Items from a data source
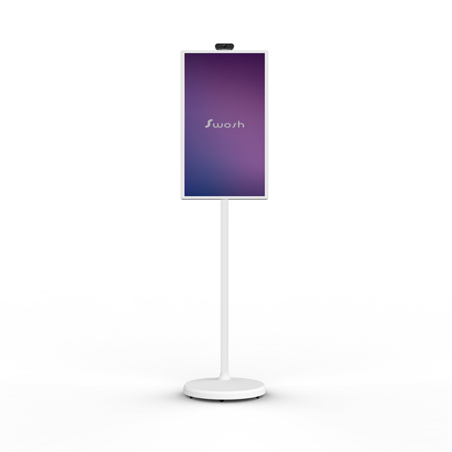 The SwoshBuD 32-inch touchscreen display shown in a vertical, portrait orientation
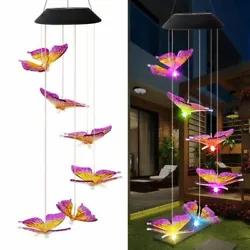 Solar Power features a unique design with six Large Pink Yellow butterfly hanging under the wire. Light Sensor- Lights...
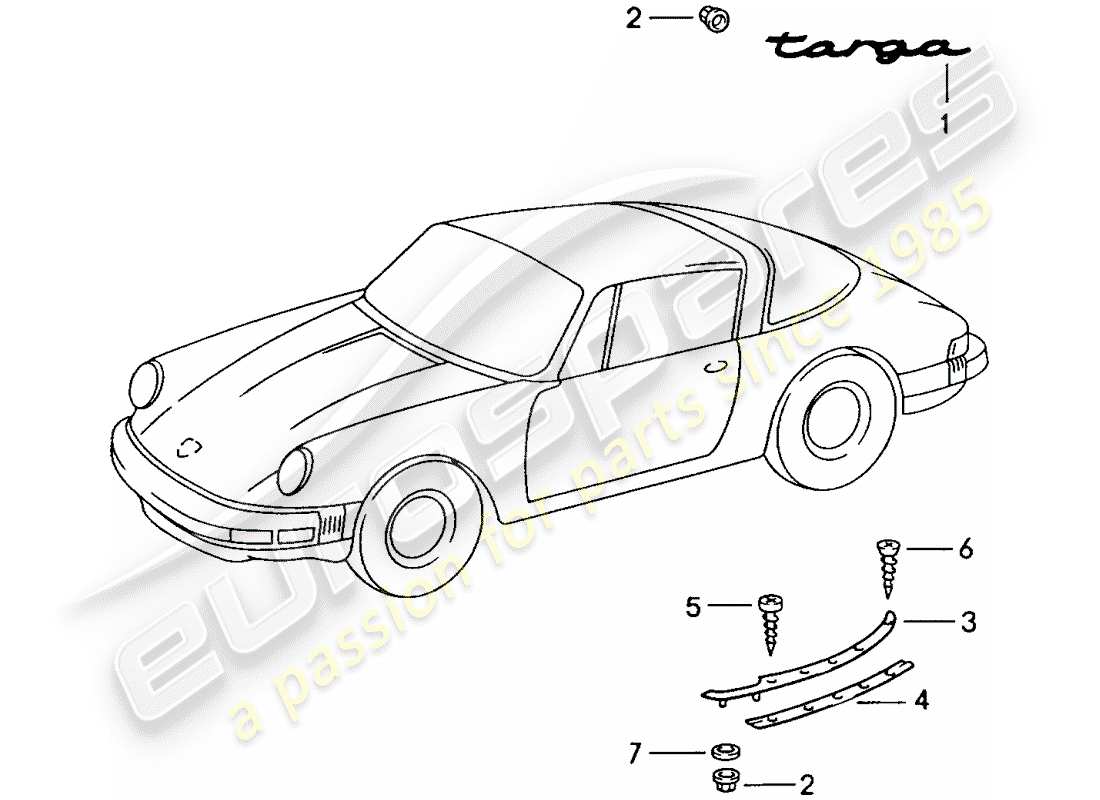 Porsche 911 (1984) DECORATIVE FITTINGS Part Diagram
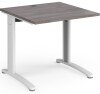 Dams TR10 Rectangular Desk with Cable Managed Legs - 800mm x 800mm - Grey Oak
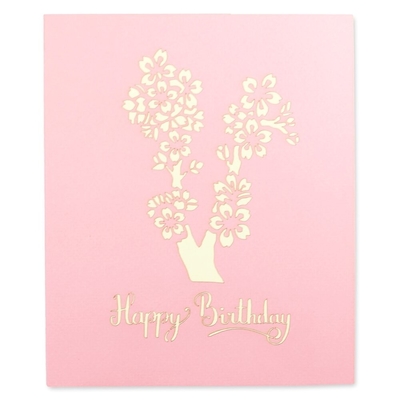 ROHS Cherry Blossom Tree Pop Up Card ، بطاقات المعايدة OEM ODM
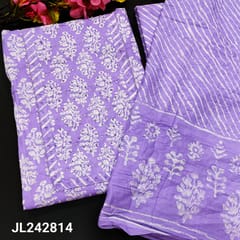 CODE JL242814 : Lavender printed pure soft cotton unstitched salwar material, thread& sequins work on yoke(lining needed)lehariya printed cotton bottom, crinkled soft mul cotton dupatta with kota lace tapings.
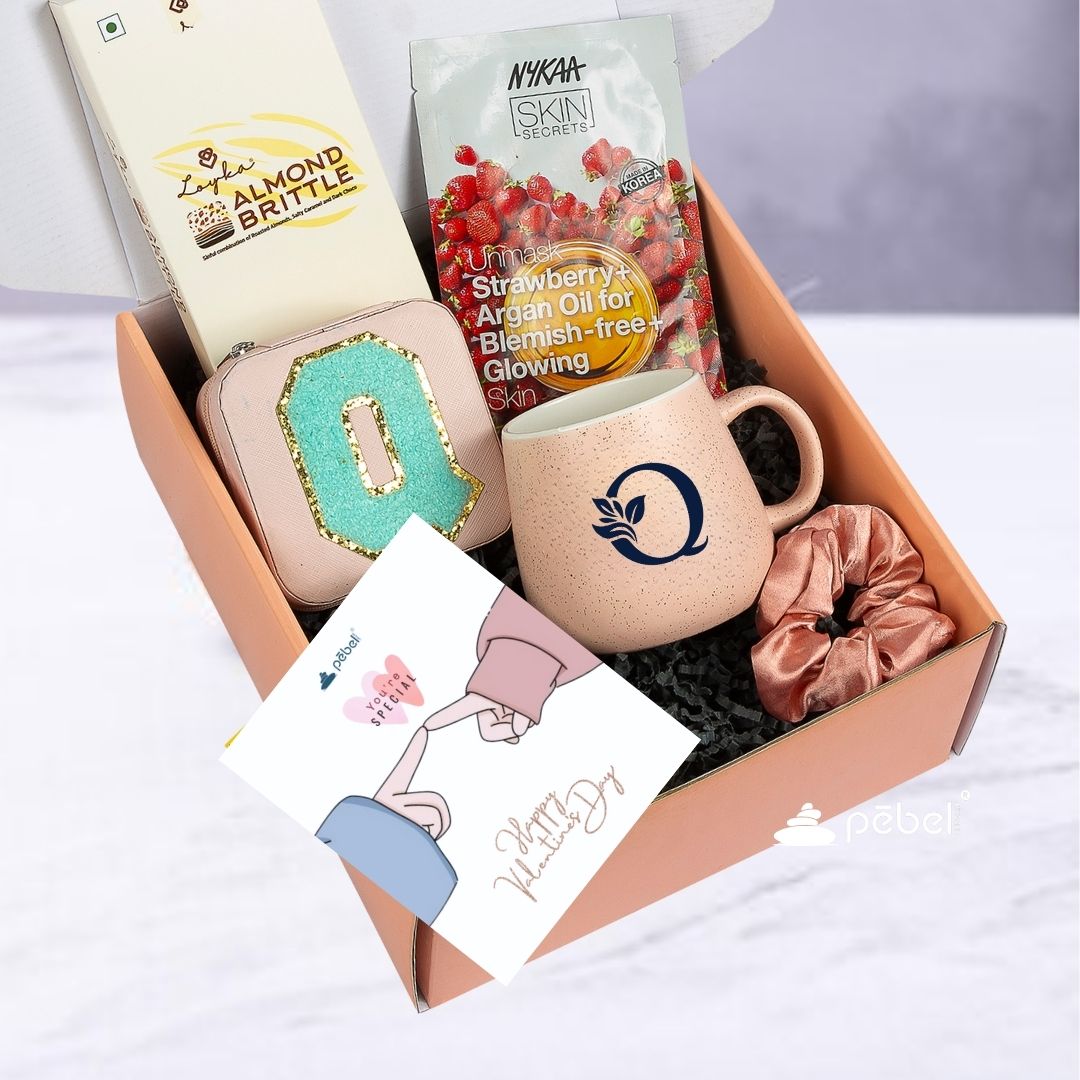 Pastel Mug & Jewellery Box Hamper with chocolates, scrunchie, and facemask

▶ [Work task] Above are records to transcribe exactly; leave their pictures out.

▶ [Solution to this problem]
 The SwoshBuD 32-inch touchscreen display shown in a vertical, portrait orientation
 Solar Power features a unique design with six Large Pink Yellow butterfly hanging under the wire. Light Sensor- Lights...
 Porsche 911 (1984) DECORATIVE FITTINGS Part Diagram
 Dams TR10 Rectangular Desk with Cable Managed Legs - 800mm x 800mm - Grey Oak
 ROHS Cherry Blossom Tree Pop Up Card ، بطاقات المعايدة OEM ODM
 CODE JL242814 : Lavender printed pure soft cotton unstitched salwar material, thread& sequins work on yoke(lining needed)lehariya printed cotton bottom, crinkled soft mul cotton dupatta with kota lace tapings.
 Pastel Mug & Jewellery Box Hamper with chocolates, scrunchie, and facemask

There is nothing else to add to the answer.